Show HN: Using stylometry to find HN users with alternate accounts

[+] sillysaurusx|3 years ago|reply

Wow. This gives a lot of false positives, but it found all ~10 of my old accounts over the years.

The most interesting thing is that my writing style changed pretty drastically since a decade ago. Searching for my oldest account matches my earliest usernames, whereas searching this account matched the rest.

The details of the algorithm are fascinating: https://stylometry.net/about Mostly because of how simple it is. I assumed it would measure word embeddings against a trained ML model, but nothing so fancy.

[+] hnburnerUixoHr5|3 years ago|reply

Woof.

I create new accounts on a semi-regular basis because I think cliques are the most corrosive factor to social media. Any time my account gathers enough upvotes enough I destroy it for another.

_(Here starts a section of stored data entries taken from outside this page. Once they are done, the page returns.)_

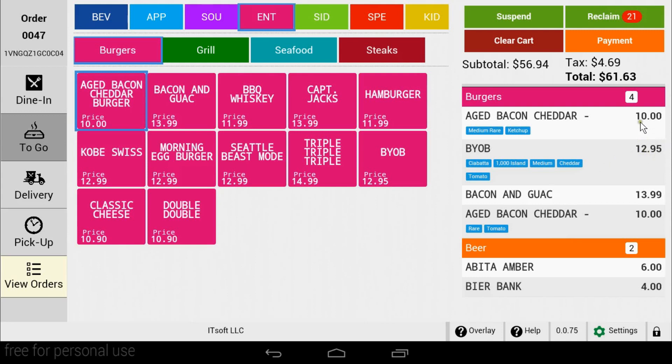Just above the cart, you'll find a few buttons. Here we have Suspend, Reclaim, Clear Cart, and Payment.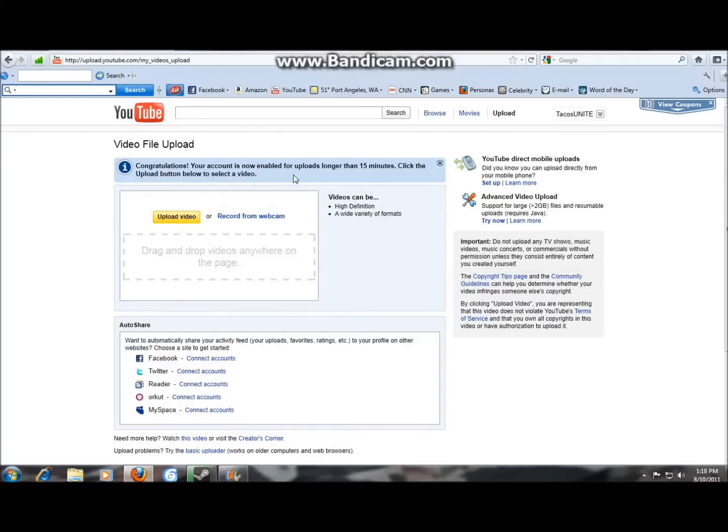When you go to upload a video it should pop up and say this. So I was like oh that sucks, so I went to upload a commentary the next day and I looked at this and I was like woo.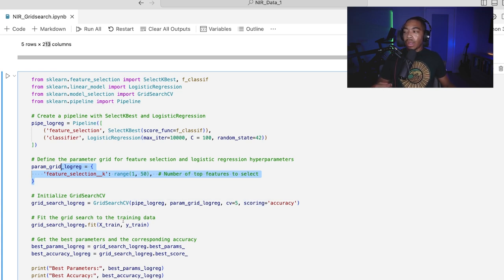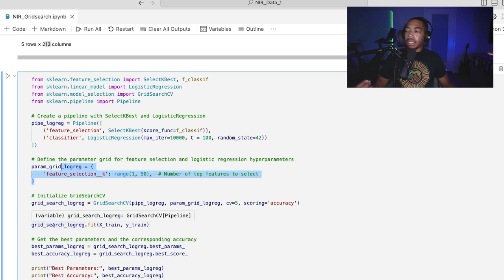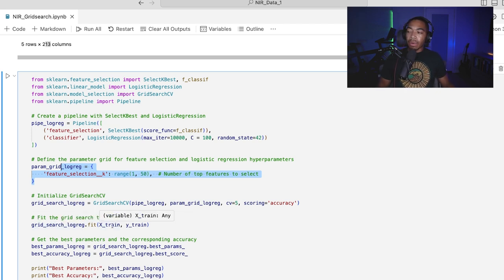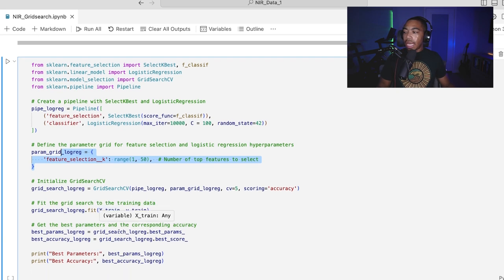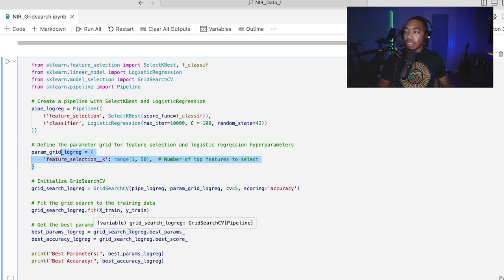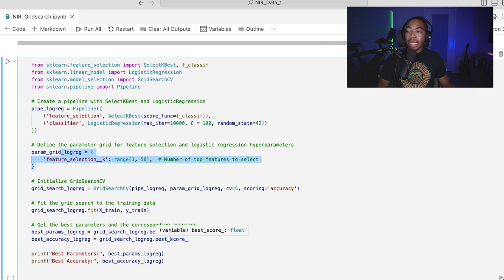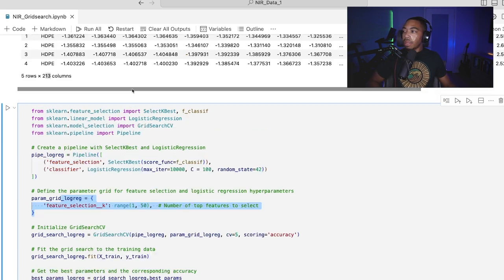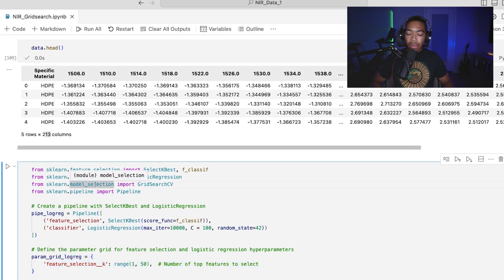Once we do that, we automatically get this new model object here. And that is the grid search log reg, and we can fit that model on the entire training data, and then return the best parameters as well as how well this model performed indicated by the best score.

I had four accounts. None are over 50% confidence, but when I look at any one account the others are consistently #2, #3, and #4.

Now I’m thinking very carefully about what words I use to avoid linking this as the 5th account.

[+] dimmke|3 years ago|reply

On the other side of the coin, I have never had an alternate HN account (beyond maybe 1-2 throwaways with only one post or comment) so seeing the list of users that are most similar to me was interesting. I didn't see some stark similarities based on a quick peek at their comments, but it was interesting.

[+] costco|3 years ago|reply

Yeah top 20 is a little excessive because in my own tests I found that top 20 is only marginally more accurate than top 10. You can get a more academic explanation [here](https://www.tandfonline.com/doi/abs/10.1080/09296174.2011.53...). I was amazed too because it seemed too easy!

[+] lettergram|3 years ago|reply

Frankly similar to how I was doing in back in 2018 (when you and I chatted about it on HN lol)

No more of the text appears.